## DIRECTIONS FOR THIS TASK
Would you repeat the whole listing exactly, pictures excluded?

START MATERIALS PROVIDED

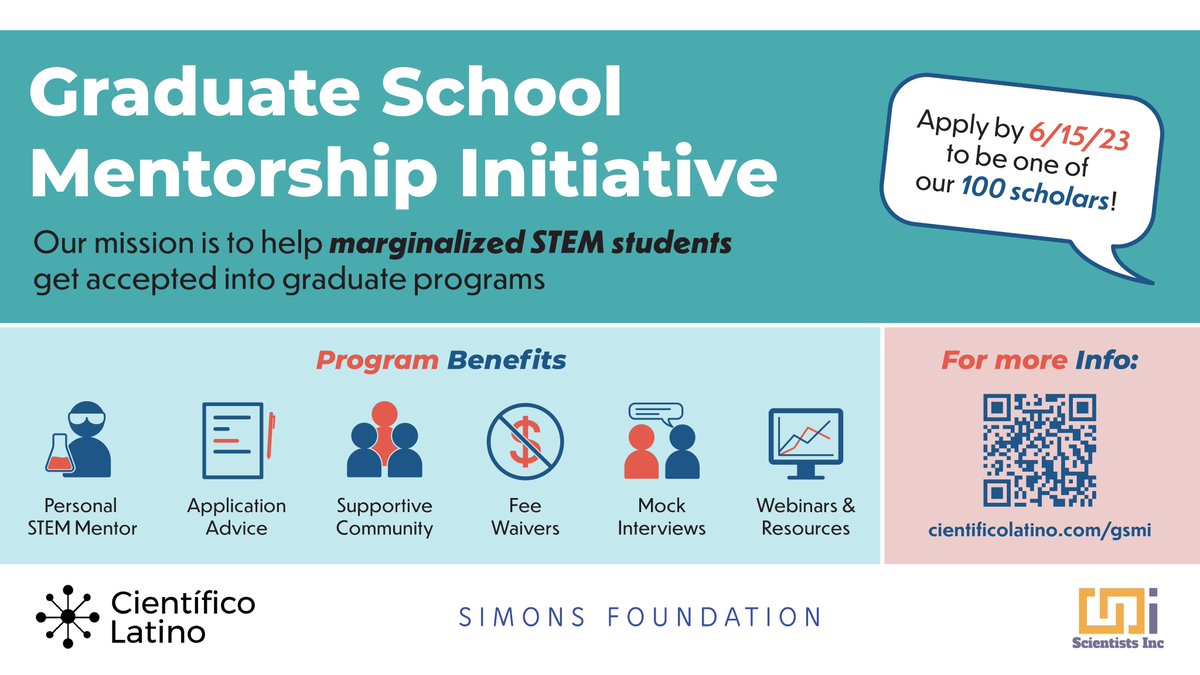 Applying to STEM grad programs? Know someone who is? 🎓 Sign ups are ✨OPEN✨ for #GSMI2023!🤩 The GSMI program supports applicants from minoritized backgrounds through 1-on-1 mentorship, fee waivers, & more! Applications due 6/15 cientificolatino.com/gsmi MORE INFO in 🧵 1/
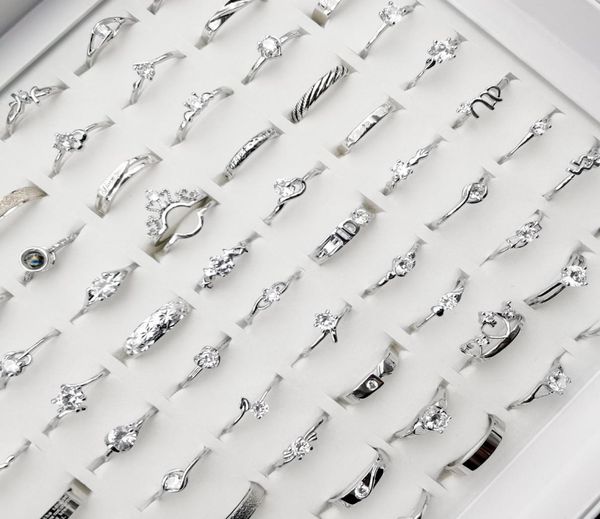 

whole 100pcs sparkling silver rings fashion simple women039s wedding band rings mixed style gift party engagement jewelry8866693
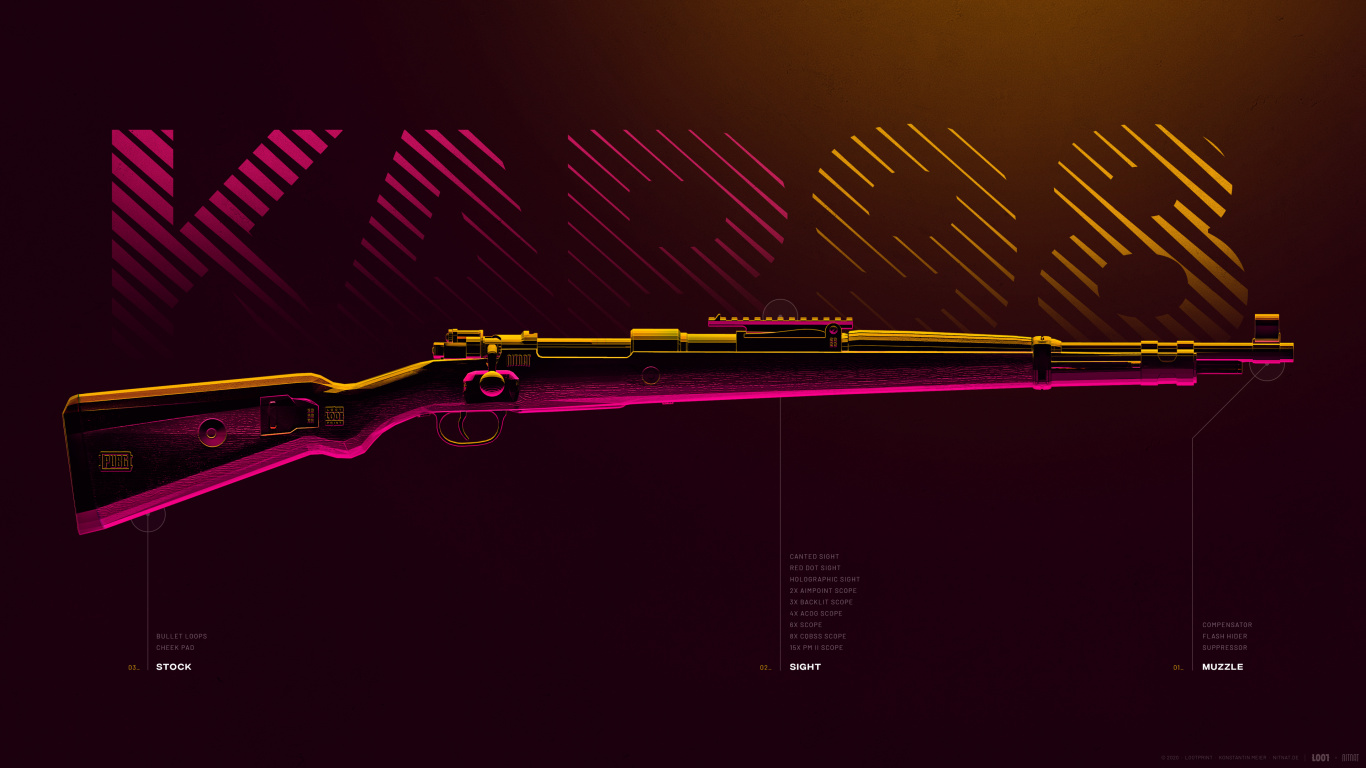 PUBG Corporation, PLAYERUNKNOWN'S BATTLEGROUNDS, Karabiner 98k, Red, Magenta. Wallpaper in 1366x768 Resolution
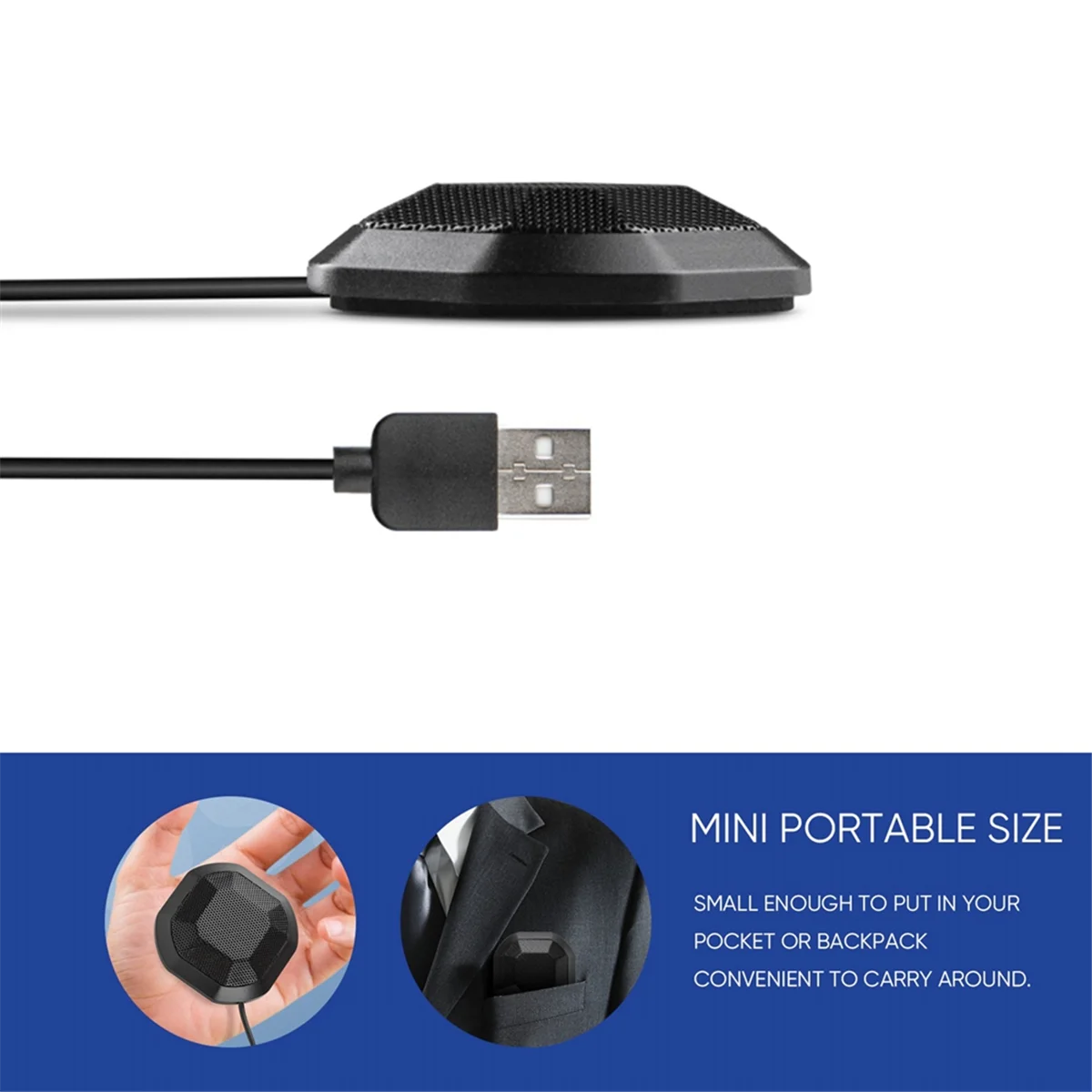 

Конференц-микрофон CMB-pUSB 360° ° Всенаправленный конденсаторный компьютерный микрофон для ПК с сенсорным отключением Plug & Play для ПК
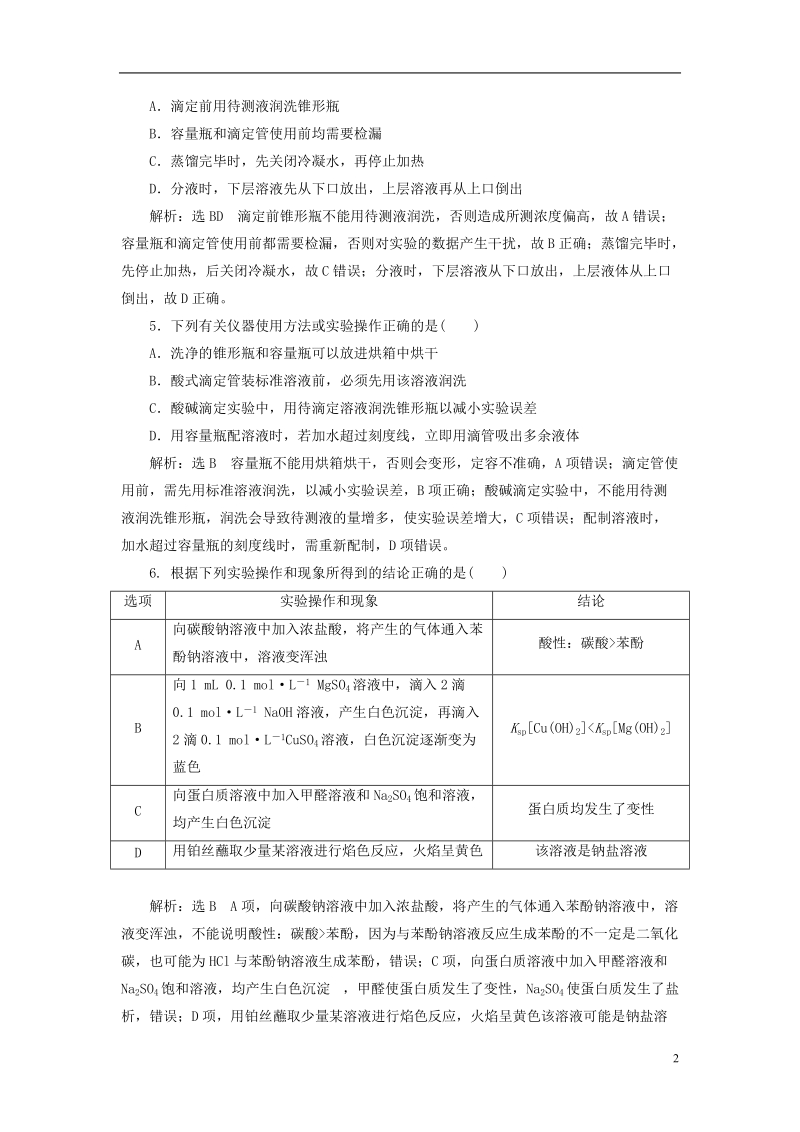 江苏专版2019版高考化学一轮复习第五板块专题十化学实验基础跟踪检测三十一选择题中的实验命题点综合练.doc_第2页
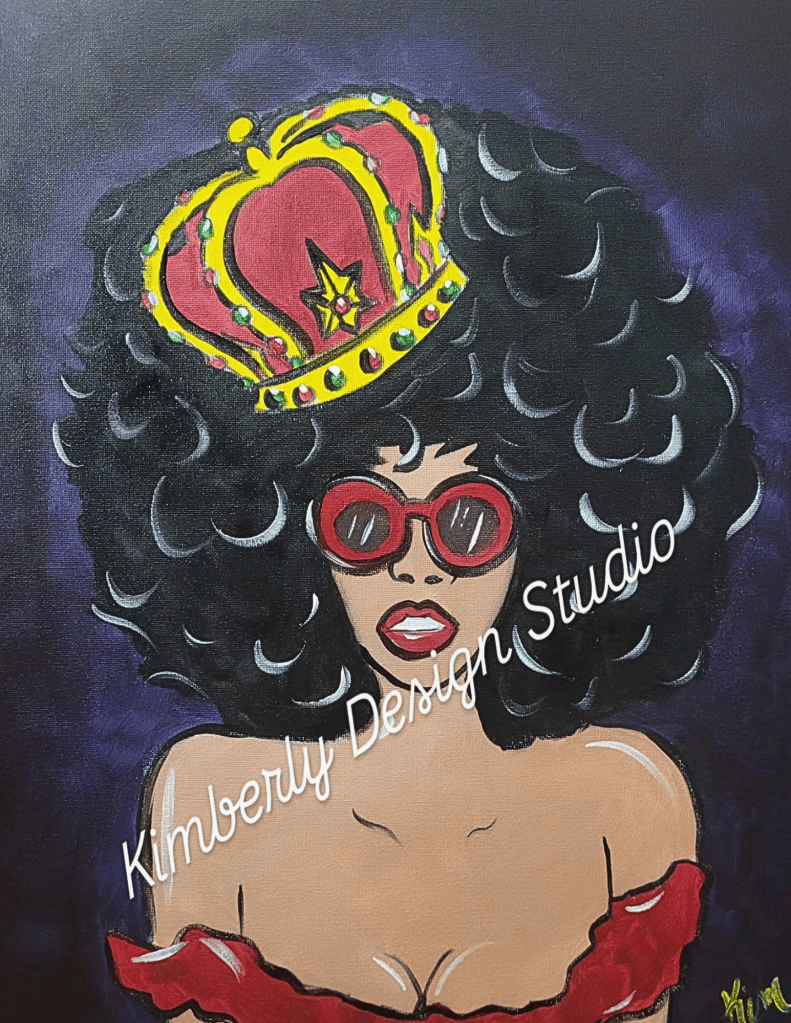 Royal Queen pop art portrait painting featuring a stylish woman with afro hair, crown, sunglasses, and bold colorful design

END MATERIALS PROVIDED

## ANSWER TO THE PROBLEM
 Applying to STEM grad programs? Know someone who is? 🎓 Sign ups are ✨OPEN✨ for #GSMI2023!🤩 The GSMI program supports applicants from minoritized backgrounds through 1-on-1 mentorship, fee waivers, & more! Applications due 6/15 cientificolatino.com/gsmi MORE INFO in 🧵 1/

whole 100pcs sparkling silver rings fashion simple women039s wedding band rings mixed style gift party engagement jewelry8866693
 PUBG Corporation, PLAYERUNKNOWN'S BATTLEGROUNDS, Karabiner 98k, Red, Magenta. Wallpaper in 1366x768 Resolution

Конференц-микрофон CMB-pUSB 360° ° Всенаправленный конденсаторный компьютерный микрофон для ПК с сенсорным отключением Plug & Play для ПК
 江苏专版2019版高考化学一轮复习第五板块专题十化学实验基础跟踪检测三十一选择题中的实验命题点综合练.doc_第2页
 Royal Queen pop art portrait painting featuring a stylish woman with afro hair, crown, sunglasses, and bold colorful design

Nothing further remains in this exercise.